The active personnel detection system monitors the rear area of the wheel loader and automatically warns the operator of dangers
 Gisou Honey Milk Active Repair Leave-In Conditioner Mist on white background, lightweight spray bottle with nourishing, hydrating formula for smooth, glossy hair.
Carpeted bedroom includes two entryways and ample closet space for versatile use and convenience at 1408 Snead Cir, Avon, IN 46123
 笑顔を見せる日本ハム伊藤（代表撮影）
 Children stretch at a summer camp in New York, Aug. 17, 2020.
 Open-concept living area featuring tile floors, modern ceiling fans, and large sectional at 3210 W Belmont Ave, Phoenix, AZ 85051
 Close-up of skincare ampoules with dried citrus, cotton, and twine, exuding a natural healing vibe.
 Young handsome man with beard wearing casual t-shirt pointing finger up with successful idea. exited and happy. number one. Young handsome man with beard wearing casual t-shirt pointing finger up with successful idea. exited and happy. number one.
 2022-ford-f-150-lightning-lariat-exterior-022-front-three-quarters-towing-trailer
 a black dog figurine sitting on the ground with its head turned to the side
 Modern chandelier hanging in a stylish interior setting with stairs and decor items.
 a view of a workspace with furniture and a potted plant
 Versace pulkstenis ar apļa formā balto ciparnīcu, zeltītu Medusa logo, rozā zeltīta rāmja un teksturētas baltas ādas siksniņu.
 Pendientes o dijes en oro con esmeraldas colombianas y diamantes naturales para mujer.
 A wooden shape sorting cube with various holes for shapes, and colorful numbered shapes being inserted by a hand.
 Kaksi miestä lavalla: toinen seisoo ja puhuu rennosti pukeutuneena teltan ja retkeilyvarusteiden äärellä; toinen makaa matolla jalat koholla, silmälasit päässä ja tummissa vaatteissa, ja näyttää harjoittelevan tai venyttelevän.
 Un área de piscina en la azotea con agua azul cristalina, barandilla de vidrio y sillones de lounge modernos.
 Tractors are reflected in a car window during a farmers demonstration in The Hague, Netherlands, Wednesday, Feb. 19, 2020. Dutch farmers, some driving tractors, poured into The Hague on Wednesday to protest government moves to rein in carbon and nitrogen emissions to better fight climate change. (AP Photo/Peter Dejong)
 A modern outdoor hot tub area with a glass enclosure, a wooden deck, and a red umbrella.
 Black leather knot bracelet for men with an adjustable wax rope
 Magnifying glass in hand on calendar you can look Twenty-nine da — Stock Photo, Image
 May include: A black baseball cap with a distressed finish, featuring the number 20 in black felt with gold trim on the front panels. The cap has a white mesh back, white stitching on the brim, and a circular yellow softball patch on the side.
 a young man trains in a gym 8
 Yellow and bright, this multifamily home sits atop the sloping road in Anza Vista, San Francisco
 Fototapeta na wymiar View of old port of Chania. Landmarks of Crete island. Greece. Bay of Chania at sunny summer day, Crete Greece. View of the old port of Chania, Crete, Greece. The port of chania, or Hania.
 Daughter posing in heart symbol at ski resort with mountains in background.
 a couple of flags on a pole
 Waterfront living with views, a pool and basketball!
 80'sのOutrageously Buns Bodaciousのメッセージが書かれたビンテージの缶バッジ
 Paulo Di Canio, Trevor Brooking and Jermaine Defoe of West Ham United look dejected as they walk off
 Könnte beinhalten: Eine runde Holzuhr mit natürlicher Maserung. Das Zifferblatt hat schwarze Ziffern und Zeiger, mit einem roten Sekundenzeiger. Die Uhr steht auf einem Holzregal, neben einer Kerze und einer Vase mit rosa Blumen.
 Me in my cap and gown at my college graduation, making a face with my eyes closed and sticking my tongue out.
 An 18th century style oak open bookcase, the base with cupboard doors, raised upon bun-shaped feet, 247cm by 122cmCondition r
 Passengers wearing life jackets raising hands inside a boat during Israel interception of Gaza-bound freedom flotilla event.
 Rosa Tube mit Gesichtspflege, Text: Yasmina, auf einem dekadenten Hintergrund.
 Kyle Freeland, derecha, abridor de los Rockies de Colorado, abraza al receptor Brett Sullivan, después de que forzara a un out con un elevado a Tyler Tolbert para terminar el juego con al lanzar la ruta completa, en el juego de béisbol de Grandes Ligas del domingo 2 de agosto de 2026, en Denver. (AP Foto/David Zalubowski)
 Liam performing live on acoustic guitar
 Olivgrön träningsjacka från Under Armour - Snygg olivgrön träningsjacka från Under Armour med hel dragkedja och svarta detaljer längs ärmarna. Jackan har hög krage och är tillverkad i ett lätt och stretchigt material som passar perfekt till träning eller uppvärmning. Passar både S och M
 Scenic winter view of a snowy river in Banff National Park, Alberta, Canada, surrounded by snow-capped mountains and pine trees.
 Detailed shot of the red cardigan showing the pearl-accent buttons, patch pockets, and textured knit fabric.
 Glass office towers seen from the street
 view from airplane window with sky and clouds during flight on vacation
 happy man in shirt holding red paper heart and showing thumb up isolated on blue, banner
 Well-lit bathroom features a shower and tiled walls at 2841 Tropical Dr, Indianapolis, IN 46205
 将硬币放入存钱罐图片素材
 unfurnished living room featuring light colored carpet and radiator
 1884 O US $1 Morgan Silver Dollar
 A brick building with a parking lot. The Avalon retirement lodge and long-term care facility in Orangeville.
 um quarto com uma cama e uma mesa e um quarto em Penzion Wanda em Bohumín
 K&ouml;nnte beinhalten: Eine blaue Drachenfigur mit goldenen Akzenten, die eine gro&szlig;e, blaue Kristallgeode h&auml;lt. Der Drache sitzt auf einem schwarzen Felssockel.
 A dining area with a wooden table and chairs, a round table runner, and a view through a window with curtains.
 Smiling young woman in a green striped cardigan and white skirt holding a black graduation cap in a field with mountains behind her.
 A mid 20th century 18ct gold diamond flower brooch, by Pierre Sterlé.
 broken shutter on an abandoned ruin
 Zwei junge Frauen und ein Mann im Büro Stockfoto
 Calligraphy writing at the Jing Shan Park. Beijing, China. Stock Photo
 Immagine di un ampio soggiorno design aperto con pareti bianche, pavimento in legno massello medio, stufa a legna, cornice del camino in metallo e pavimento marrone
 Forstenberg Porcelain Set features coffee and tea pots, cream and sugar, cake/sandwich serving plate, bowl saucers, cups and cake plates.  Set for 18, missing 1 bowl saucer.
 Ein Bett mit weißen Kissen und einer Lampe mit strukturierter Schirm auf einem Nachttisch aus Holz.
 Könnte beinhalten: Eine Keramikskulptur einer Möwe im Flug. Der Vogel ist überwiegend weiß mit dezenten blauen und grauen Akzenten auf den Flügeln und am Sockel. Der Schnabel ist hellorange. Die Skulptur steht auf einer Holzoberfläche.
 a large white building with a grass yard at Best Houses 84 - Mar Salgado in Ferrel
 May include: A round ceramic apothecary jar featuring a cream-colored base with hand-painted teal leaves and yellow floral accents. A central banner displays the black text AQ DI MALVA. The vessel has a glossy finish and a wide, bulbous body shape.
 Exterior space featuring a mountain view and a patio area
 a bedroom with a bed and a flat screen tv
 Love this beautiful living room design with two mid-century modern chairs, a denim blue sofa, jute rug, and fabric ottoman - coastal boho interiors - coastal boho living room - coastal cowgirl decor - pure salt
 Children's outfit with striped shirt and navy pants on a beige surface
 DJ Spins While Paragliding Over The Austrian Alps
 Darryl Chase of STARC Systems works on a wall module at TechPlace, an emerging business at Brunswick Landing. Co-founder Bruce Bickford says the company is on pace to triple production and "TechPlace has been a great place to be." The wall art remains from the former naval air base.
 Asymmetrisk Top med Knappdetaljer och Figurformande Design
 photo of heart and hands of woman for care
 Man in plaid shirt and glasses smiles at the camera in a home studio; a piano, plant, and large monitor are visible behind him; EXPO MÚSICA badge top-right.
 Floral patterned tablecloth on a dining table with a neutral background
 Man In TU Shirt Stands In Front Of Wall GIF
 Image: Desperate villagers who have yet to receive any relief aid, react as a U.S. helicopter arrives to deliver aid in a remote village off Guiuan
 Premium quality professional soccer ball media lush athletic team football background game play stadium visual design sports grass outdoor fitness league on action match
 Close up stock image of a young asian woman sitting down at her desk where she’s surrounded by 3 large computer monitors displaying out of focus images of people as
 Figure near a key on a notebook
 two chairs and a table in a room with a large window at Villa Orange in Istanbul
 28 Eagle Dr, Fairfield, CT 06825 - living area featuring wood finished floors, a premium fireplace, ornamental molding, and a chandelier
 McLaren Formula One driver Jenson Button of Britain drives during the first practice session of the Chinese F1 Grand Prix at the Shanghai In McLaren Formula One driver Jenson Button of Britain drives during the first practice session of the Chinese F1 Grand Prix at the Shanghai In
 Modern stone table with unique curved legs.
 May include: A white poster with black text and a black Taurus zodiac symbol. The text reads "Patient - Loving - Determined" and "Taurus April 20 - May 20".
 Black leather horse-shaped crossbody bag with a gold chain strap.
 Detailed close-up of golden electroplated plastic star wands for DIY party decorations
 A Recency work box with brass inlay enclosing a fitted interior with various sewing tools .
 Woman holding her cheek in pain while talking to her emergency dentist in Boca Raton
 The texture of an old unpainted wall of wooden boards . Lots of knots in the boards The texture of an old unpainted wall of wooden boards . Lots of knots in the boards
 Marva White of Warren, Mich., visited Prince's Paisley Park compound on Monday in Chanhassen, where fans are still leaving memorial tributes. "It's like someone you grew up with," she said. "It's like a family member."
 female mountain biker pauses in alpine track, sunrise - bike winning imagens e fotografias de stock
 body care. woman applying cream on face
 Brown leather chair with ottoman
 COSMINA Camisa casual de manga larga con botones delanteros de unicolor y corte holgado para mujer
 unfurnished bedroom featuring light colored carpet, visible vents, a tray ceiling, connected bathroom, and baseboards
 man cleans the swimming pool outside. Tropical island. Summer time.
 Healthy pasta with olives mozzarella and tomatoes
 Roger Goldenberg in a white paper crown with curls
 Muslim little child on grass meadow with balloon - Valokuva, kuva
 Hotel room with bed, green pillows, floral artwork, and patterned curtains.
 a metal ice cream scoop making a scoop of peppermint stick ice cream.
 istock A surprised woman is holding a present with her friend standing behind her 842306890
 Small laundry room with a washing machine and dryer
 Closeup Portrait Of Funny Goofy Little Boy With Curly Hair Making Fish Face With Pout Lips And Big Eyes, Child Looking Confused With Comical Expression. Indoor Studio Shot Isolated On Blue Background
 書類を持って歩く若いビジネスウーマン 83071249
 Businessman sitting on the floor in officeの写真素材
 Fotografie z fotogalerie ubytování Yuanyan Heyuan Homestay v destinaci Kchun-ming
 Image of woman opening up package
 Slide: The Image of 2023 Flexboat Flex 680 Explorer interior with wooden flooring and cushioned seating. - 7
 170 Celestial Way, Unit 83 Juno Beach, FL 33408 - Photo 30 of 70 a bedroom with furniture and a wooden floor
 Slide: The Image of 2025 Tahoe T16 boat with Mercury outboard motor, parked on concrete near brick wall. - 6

*WHAT IS BEING ASKED*:
What you give back should be exactly the lines of the data above from the line with "Shanghai In McLaren" through the line with "istock A surprised", both of those included, and nothing more.

*OUTPUT BELOW*:
 McLaren Formula One driver Jenson Button of Britain drives during the first practice session of the Chinese F1 Grand Prix at the Shanghai In McLaren Formula One driver Jenson Button of Britain drives during the first practice session of the Chinese F1 Grand Prix at the Shanghai In
 Modern stone table with unique curved legs.
 May include: A white poster with black text and a black Taurus zodiac symbol. The text reads "Patient - Loving - Determined" and "Taurus April 20 - May 20".
 Black leather horse-shaped crossbody bag with a gold chain strap.
 Detailed close-up of golden electroplated plastic star wands for DIY party decorations
 A Recency work box with brass inlay enclosing a fitted interior with various sewing tools .
 Woman holding her cheek in pain while talking to her emergency dentist in Boca Raton
 The texture of an old unpainted wall of wooden boards . Lots of knots in the boards The texture of an old unpainted wall of wooden boards . Lots of knots in the boards
 Marva White of Warren, Mich., visited Prince's Paisley Park compound on Monday in Chanhassen, where fans are still leaving memorial tributes. "It's like someone you grew up with," she said. "It's like a family member."
 female mountain biker pauses in alpine track, sunrise - bike winning imagens e fotografias de stock
 body care. woman applying cream on face
 Brown leather chair with ottoman
 COSMINA Camisa casual de manga larga con botones delanteros de unicolor y corte holgado para mujer
 unfurnished bedroom featuring light colored carpet, visible vents, a tray ceiling, connected bathroom, and baseboards
 man cleans the swimming pool outside. Tropical island. Summer time.
 Healthy pasta with olives mozzarella and tomatoes
 Roger Goldenberg in a white paper crown with curls
 Muslim little child on grass meadow with balloon - Valokuva, kuva
 Hotel room with bed, green pillows, floral artwork, and patterned curtains.
 a metal ice cream scoop making a scoop of peppermint stick ice cream.
 istock A surprised woman is holding a present with her friend standing behind her 842306890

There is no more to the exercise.